■ **SOURCE DATA**

Content starts

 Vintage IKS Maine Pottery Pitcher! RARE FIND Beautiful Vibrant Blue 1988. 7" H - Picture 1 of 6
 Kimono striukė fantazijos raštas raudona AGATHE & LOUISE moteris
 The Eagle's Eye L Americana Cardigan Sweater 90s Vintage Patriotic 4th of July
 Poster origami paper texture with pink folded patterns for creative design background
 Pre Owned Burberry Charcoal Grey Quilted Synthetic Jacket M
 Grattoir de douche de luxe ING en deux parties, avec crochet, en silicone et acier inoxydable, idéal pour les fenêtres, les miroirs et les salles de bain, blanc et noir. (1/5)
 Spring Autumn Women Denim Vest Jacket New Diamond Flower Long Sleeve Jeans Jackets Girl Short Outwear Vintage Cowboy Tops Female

Content ends
Content starts

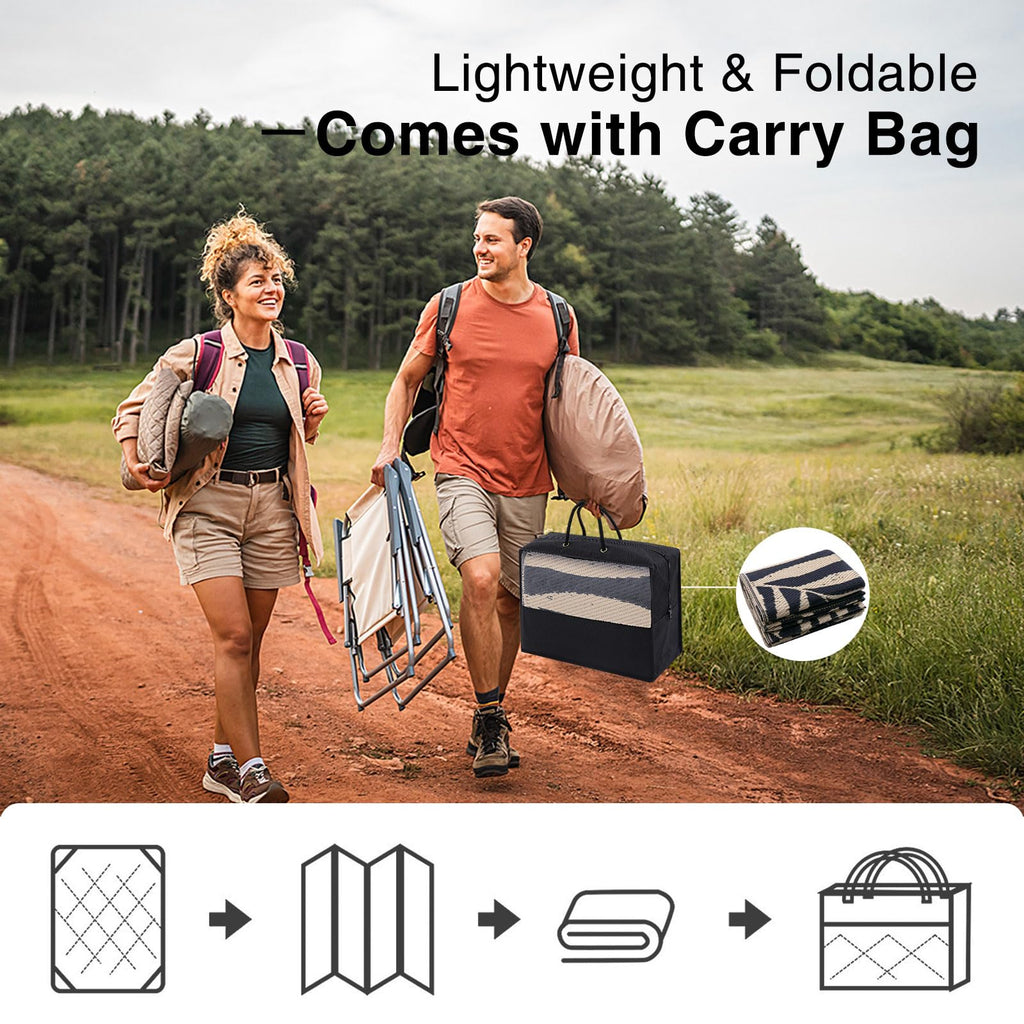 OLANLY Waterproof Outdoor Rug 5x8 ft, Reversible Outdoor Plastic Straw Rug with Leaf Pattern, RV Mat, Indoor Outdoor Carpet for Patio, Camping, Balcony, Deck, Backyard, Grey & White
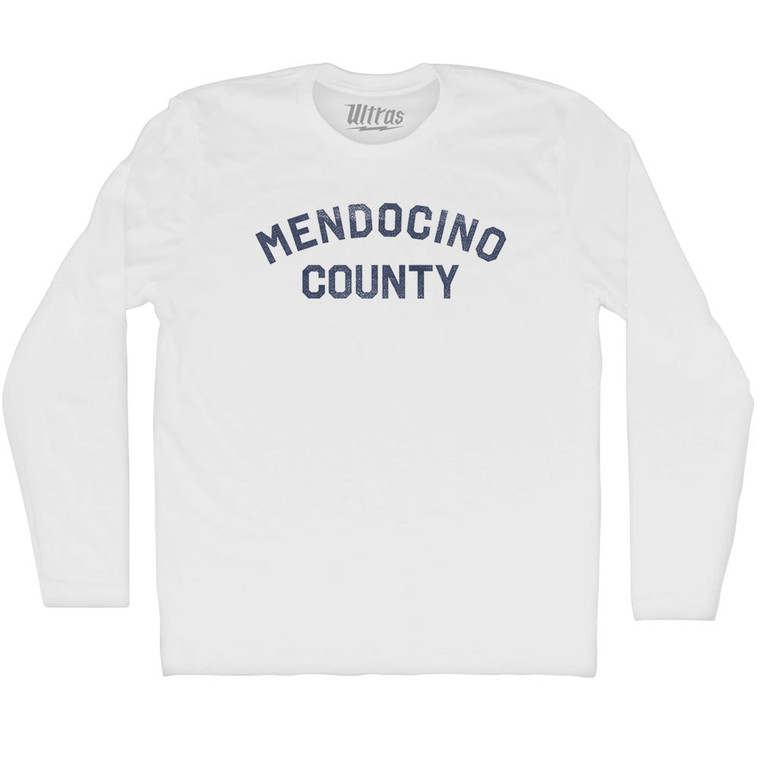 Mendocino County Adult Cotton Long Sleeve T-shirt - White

Content ends

■ **ASSIGNMENT**
List, from the entries above, every line in which the word "Jacket" shows up.

■ **RESPONSE AREA**
 Pre Owned Burberry Charcoal Grey Quilted Synthetic Jacket M
 Spring Autumn Women Denim Vest Jacket New Diamond Flower Long Sleeve Jeans Jackets Girl Short Outwear Vintage Cowboy Tops Female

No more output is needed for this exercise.